* **What you need to do**
Skip the pictures. Transcribe exactly the lines from the line containing "Wiz Snowflake Connector: Enhancing" to the end of the listing.

* **Raw data**
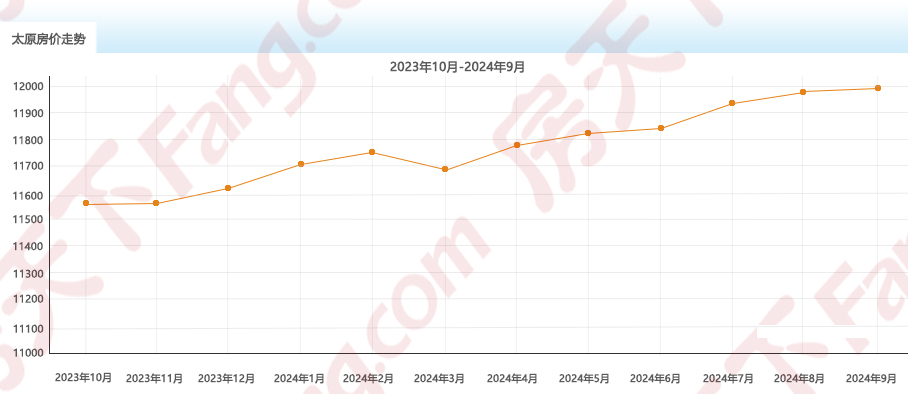 2024年9月房价地图出炉!太原均价11984元/㎡ 六区1涨4跌1平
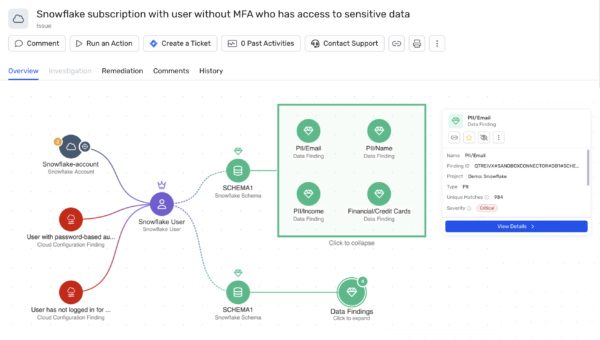 Wiz Snowflake Connector: Enhancing Data Security with CNAPP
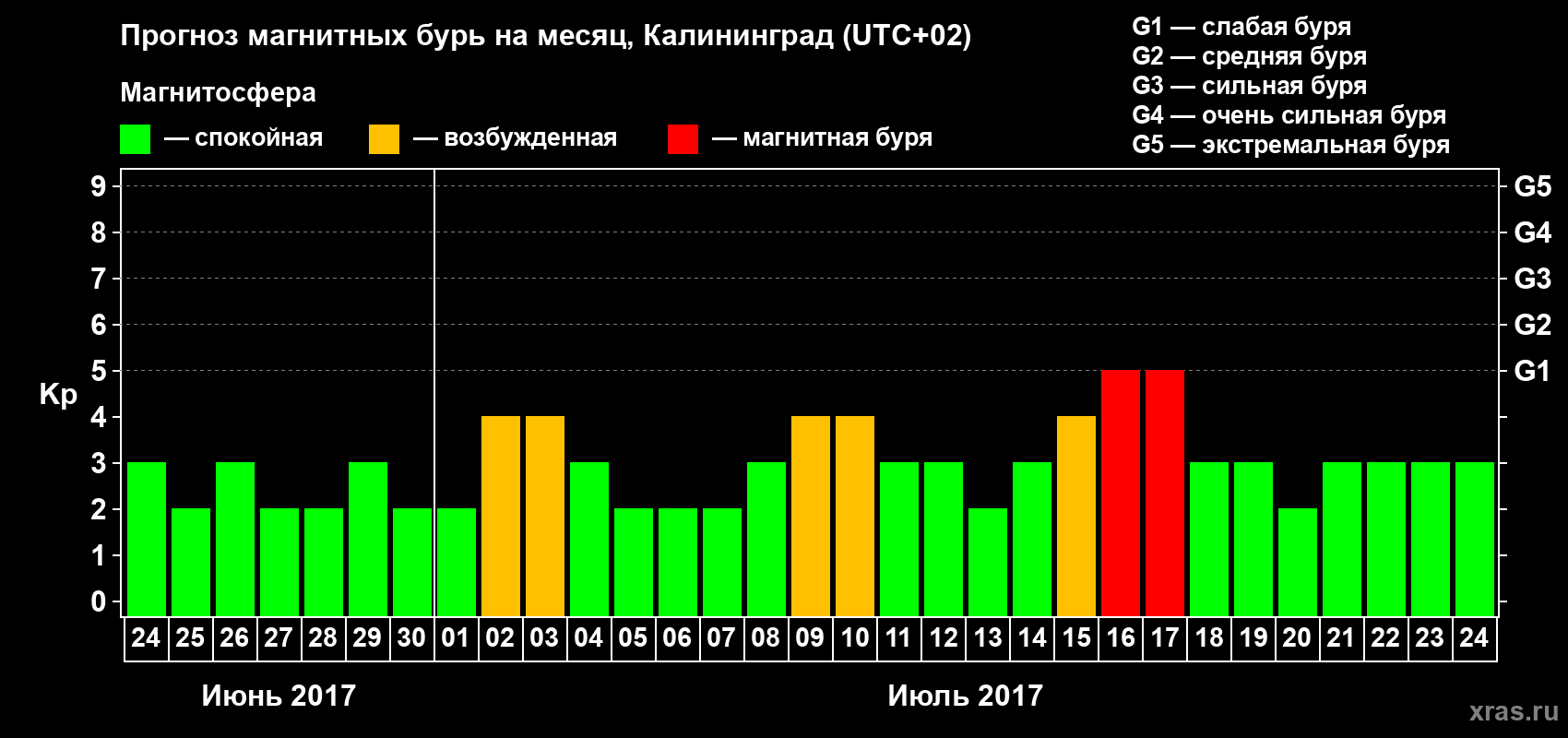 Прогноз максимального суточного геомагнитного индекса Kp на <b>1 месяц</b> (31 день) <b>с 24 июня по 24 июля 2017 г</b>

* **Task result**
 Wiz Snowflake Connector: Enhancing Data Security with CNAPP
 Прогноз максимального суточного геомагнитного индекса Kp на <b>1 месяц</b> (31 день) <b>с 24 июня по 24 июля 2017 г</b>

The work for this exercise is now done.